Postby fishmonger » Mon Mar 30, 2009 7:13 am

I have used a Polaroid Sprintscan 35 Plus since I bought it new in 1999 (for $1950) - you can get these things for about $100 or less on ebay these days.

It is a great scanner for the money, but given they never really updated the drivers, it can be quite a hassle to make it work on a modern system. If you run XP, it can be done, but it requires some fiddling with the software. I generally scan in Photoshop, but this thing won't work for more than 3 scans in photoshop before I get errors, so I have started using the Polaroid software that is available for it and that actually works quite well (and transfers the scan to Photoshop when scanned).

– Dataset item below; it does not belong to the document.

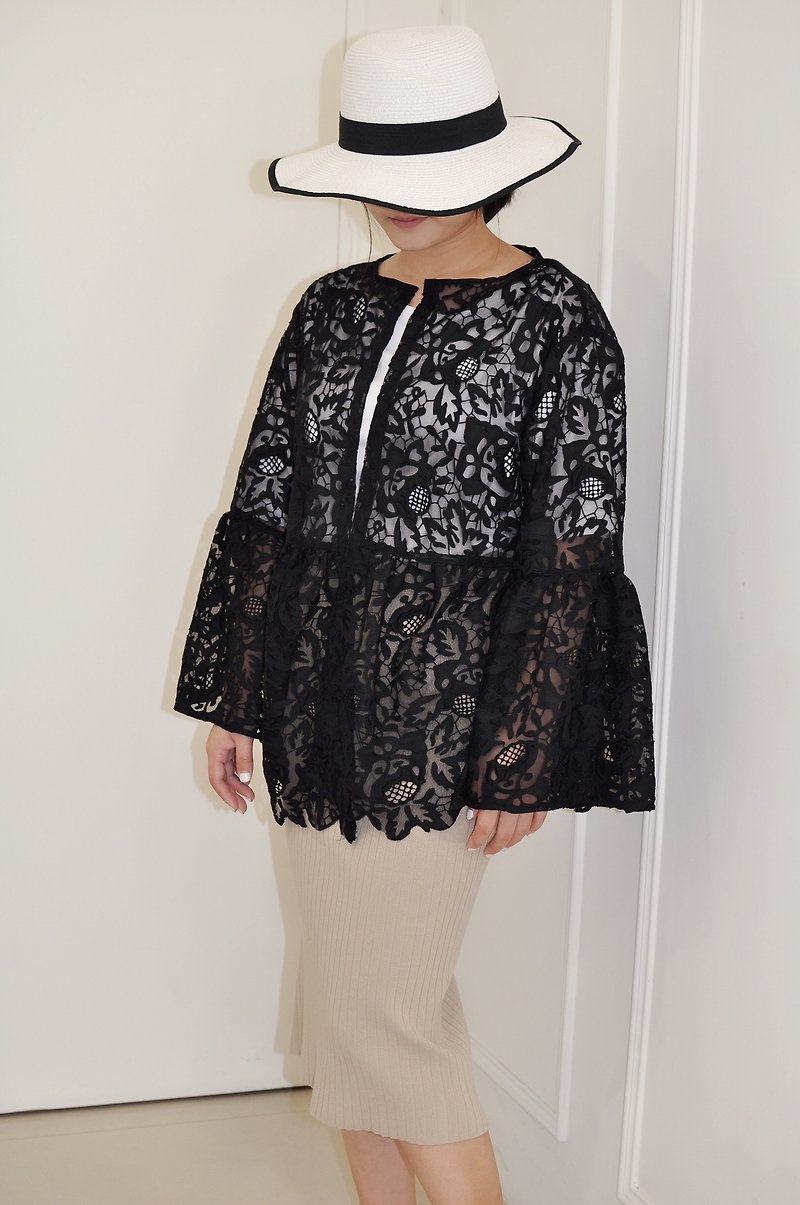 Flat 135 X Taiwan designer black mesh embroidered lace fabric short coat ruffle sleeve - เสื้อแจ็คเก็ต - เส้นใยสังเคราะห์ สีดำ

I figured out how to do all that just last week when I got interested in scanning my old Sierra pix again, and it's been going quite well as you can see in this evolving photo gallery from my 1990 JMT hike here: http://didnt.doit.wisc.edu/outdoor/gallery/JMT1990/

If I had more funds and nothing better to do with them, I would purchase a Nikon 5000ED on ebay, but they are going for $700 or more and I know the Polaroid is almost as good as the Nikon if you work out the bugs and know how to clean up scans with rubber stamp tool in photoshop. Nikon has amazing software (ICE) that lets you run slides through the scanner and pretty much do nothing more than feed the image and maybe tweak it a little in photoshop afterwards. The software takes care of dust and scratch removal very well, which you don't get with a Polaroid or most other scanners that are out there.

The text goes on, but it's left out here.